Limitations & Future Work

  • The strategy space consists of 12 manually predefined social strategies; coverage and granularity will affect the performance ceiling. Real-world open social interactions may require automated expansion or hierarchical strategy libraries.
  • The per-turn evaluator is an LLM itself, which may introduce bias, scale drift, and self-consistency issues. Although the final judge is separated, online learning is still limited by the quality of the shaping reward.
  • The paper primarily validates in two-agent Sotopia scenarios; whether it applies to multi-party group interactions, long-term memory, and alliance formation has not been fully explored.

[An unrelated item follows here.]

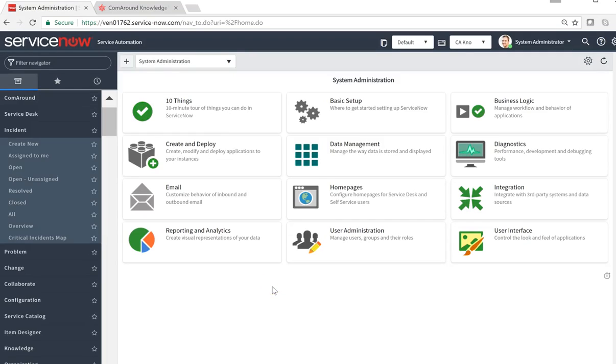ComRound Knowledge App for ServiceNow. Hi, my name is Sebastian Thieling. I'm a Global Customer Success Manager at ComRound.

  • While the design rationale uses adversarial bandits, the paper provides no rigorous regret guarantees. This is understandable in highly non-stationary LLM environments but leaves room for theoretical analysis.

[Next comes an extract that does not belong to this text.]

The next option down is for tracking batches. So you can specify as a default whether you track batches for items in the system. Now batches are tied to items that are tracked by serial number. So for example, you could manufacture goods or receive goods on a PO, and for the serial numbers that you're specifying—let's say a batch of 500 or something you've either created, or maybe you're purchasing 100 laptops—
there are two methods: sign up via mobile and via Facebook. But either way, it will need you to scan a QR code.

  • vs. Sotopia-RL / SDPO: These methods improve social behavior through offline training or preference optimization at the cost of data collection and model updates. ALSO does not change model parameters, making it more suitable for rapid deployment adaptation.
  • vs. OPRO / EvoPrompt: They treat prompt optimization as a search on static tasks. ALSO treats each turn's strategy selection as an online decision, responding to reward drift during the dialogue.

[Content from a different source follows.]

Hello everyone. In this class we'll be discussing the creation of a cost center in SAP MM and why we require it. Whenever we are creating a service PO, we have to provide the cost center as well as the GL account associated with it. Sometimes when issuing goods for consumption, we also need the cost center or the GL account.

  • vs. External Planner Methods: Methods like Sotopia-Ω, DAT, and EPO rely on off-policy learned planners. ALSO adjusts strategies based on feedback directly during interaction, avoiding the need to retrain planners for every new strategy.
  • Insight: For agent systems, many "capability deficiencies" may result from a lack of an online adjustable behavioral strategy layer rather than the base model's limitations. Decoupling the strategy layer from the persona is a practical direction for building controllable social intelligence agents.

Rating

  • Novelty: ⭐⭐⭐⭐☆ Specifically targeting social strategy optimization as an adversarial online bandit is highly relevant, though the core algorithmic components stem from existing online learning concepts.
  • Experimental Thoroughness: ⭐⭐⭐⭐☆ Includes main results, ablations, bilateral/unilateral analysis, cross-scenario, and heterogeneous model analysis, though still focused on the Sotopia suite.
  • Writing Quality: ⭐⭐⭐⭐☆ Problem definition and algorithm flow are clear; experimental interpretations map well to social interaction mechanisms.
  • Value: ⭐⭐⭐⭐☆ Provides valuable reference for online behavioral control of multi-agent systems, especially for applications where model fine-tuning is undesirable.